The lower participation numbers from her Breast Cancer Awareness Month fundraiser last October pushed her to make the transition to virtual fundraising this year.

“I didn’t get a lot of participation. I guess because people were still scared with COVID,” said Williams, “This year, I thought, ‘Well I’m just going to put the baskets online.’ ”

This year’s fundraiser will operate as a raffle. Participants can make as many $5 donations as they would like to enter a drawing. The prizes are two gift baskets.

Williams said the baskets are huge and contain trinkets, collectible Hot Wheels cars, flip-flops shaped like fish and other items. Each basket is worth about $500, she said.

“They’re full from the bottom to the top. There’re no fillers. It’s just got a little bit of everything,” she said.

Both baskets are featured on the store’s Facebook page and are on display inside the store. She plans to donate the proceeds from the fundraiser to the Autism Foundation of Tennessee in Nashville.

All of the donors’ names will be entered into a virtual program that will randomly select two winners, who will be announced on the store’s Facebook page on Thursday, April 29.

Autism fundraising became important to Williams after meeting her friend Betty Dalson Gibson’s son for the first time.
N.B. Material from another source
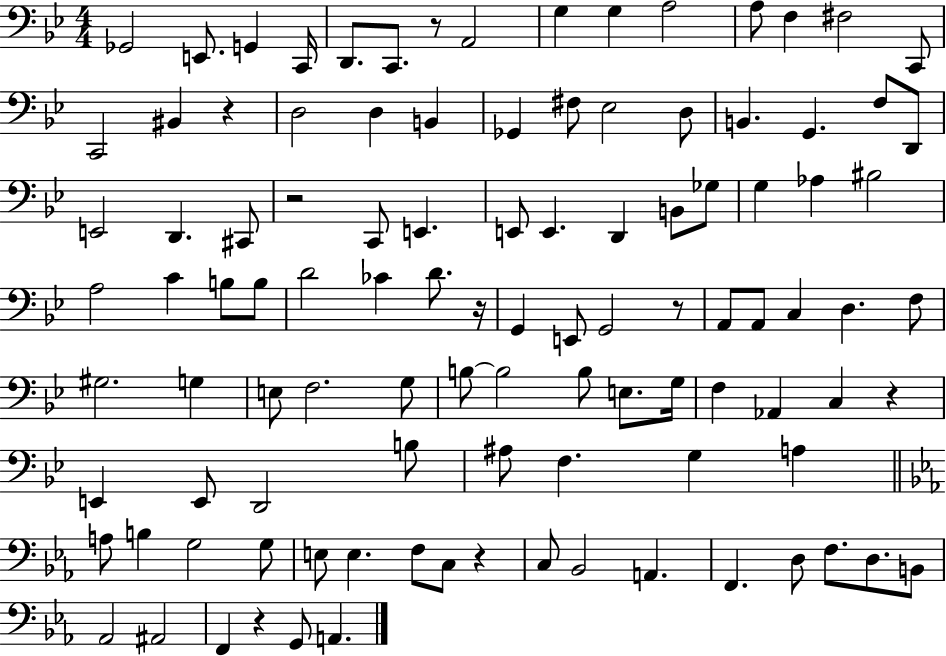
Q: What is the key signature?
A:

“When I first met Andrew, he wouldn’t even look at you. He’d just kind of look at the floor, and he wouldn’t talk to you or nothing,” said Williams, “The last couple of years he’s been really coming out of his shell.”

Andrew Dalson, 20, attends Centerstone, or “college” as he likes to call it, in Nashville. Centerstone is a mental health facility that has given him the opportunity to socialize and make new friends in his age group.

Williams, who has known the family for about eight years, said that Dalson often comes into her shop on the weekends to share his excitement. She describes him as “a breath of fresh air,” and wrote in an email that he is “all smiles all the time.”

Williams said that she has some customers with children who are on the autism spectrum. It’s a topic that Williams doesn’t believe is discussed very often.

“I just want to make more people aware, and aware that even though they have autism, they can still live normal lives,” said Williams.